Last week’s post provided me with some interesting feedback about how our attitude impacts change. I had a few interesting conversations this week about how personal the emotions are that drive our attitude, but also how public that attitude is to those around us. These conversations made me think more about how our attitude, and the actions that come from this attitude, impact the person we will ultimately become. I believe the most important thing we bring to our schools, classrooms… lives, as educators is our attitude. Attitude is the key to what others might consider to be the most important aspect of teaching. Attitude leads to building positive relationships, the dedication it takes to build high quality lessons, and the perseverance to stick with tasks when frustrations arise. Attitude is the tipping point to everything we do.

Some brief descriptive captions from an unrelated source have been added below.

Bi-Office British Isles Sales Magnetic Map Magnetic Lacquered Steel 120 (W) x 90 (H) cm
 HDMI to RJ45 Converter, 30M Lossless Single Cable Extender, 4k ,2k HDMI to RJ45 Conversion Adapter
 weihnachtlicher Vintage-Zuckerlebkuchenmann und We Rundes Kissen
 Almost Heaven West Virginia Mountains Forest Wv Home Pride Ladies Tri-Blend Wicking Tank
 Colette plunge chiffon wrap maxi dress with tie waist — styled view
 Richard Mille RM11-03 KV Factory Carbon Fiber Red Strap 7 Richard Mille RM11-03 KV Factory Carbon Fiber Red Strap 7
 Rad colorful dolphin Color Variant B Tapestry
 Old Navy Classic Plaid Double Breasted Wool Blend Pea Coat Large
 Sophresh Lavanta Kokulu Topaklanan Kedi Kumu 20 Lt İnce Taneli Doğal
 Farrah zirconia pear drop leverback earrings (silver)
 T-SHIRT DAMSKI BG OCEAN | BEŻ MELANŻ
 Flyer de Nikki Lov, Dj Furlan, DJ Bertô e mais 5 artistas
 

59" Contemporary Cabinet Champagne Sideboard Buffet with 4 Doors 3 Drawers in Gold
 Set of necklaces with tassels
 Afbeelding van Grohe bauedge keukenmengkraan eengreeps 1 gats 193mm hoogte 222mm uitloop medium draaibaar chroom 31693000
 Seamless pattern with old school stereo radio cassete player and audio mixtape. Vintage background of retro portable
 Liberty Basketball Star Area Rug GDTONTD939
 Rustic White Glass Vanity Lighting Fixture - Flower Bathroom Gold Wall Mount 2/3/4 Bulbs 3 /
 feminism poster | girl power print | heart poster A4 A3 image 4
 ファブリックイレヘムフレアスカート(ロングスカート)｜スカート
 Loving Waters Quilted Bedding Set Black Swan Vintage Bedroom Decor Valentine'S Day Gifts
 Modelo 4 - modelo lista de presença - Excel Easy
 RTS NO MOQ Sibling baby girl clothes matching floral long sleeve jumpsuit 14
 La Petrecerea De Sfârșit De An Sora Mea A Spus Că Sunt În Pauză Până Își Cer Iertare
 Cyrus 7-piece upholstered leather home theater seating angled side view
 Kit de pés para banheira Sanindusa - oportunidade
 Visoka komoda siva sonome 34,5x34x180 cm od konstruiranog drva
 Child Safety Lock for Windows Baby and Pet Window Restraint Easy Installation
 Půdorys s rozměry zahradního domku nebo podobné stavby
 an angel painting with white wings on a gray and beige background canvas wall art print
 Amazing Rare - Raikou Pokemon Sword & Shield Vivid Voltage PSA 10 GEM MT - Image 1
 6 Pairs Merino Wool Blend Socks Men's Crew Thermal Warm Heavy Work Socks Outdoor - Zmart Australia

Here is the challenge I see when it comes to talking about attitude. I have never met an educator who will stand up and say: “I am trying to hold my students back; I am trying to make it harder for teachers and students to be successful in today’s world; I am going to drag my feet in times of change; I am going to be the resistance to progress.” Yet, while I have never heard anyone say these things, I have seen people act this way and present this attitude.
What you believe drives your behavior; how you behave tells you what you believe. If you give me long enough to observe your behavior, I will tell you what you believe. While we may try and keep our beliefs and values to ourselves, our behavior is never private. Our behaviors define our beliefs for those around us. We can convince ourselves that our actions are justified, or provide context to our decisions, to explain why we acted a particular way even though it is not who we really are. But, our behaviors do not lie, they define what we value.
This is where the gap lies. Many times, we say our beliefs are one thing and then behave in contradiction to them. We need to ask ourselves if our behaviors align to where we think our beliefs and values stand. And if we find that they do not, then we need to either admit our values are different, or we need to start behaving differently.
It is never a waste of time to evaluate our beliefs. More importantly, it is important to look at our behaviors in our daily actions and see if those align with those beliefs. If we say all students matter in our classroom, we need to make sure we treat every single student with the respect that ideal should elicit. If we say we want to prepare ours students for the future, we need to make sure the tasks we are asking them to complete are aligned to the skills it will take to have that success. This list could go on…
Reiterating what I stated earlier, what you believe drives your behavior, but more importantly how you behave tells others what you believe. Do your beliefs and behavior align?